Motion No. 533 is very specific in what it requests. It talks about how the federal government, in exercising its jurisdiction, should be submitting natural resource development projects to a broader consultation with first nations and citizens in communities and urban areas. That is the breadth of what is being proposed here. It makes a very broad yet very succinct request of this House.
In addressing the motion, I would like to talk about the nature of public participation, the nature of environmental assessment processes and the aboriginal issues relating to that, and finally about projects in British Columbia that are before us today, namely the Enbridge northern gateway and the Kinder Morgan projects, a lens through which I hope to examine the failure of a credible public participation process—not only, as the motion said, for first nations, but also for citizens in our various communities.
There is a vision for a new energy future that the Leader of the Opposition has articulated in the Policy Options magazine in September and October last year. It is quite interesting, because in that article he starts by talking about the crossroads we are at when it comes to aboriginal involvement in development. He talks of the Supreme Court of Canada's watershed case in the Tsilhqot’in matter that has driven home the fact that resource development will simply not happen without proper first nations consultation and accommodation.
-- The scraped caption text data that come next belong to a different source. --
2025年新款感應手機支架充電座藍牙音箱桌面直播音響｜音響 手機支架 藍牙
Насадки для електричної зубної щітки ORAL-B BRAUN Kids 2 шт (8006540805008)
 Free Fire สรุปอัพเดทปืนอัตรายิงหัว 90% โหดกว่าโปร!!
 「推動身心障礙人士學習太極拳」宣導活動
I stress the word “proper” because it is not a “nice to have”, as the government treats public participation; it is a constitutionally required activity, a consultation that is not just about counting boxes and putting little ticks beside them to confirm we have had a chat. It is about a genuine good faith engagement with first nations when resource development affects either their rights or aboriginal title. When I say “title”, of course that is the burden of the Tsilhqot’in case that has been such a watershed development in our part of the world and across Canada.
Let us remember that in the Haida decision, the Supreme Court of Canada said:
Prior to establishment of title, the Crown is required to consult in good faith with any Aboriginal groups asserting title to the land about proposed uses of the land and, if appropriate, accommodate the interests of such claimant groups.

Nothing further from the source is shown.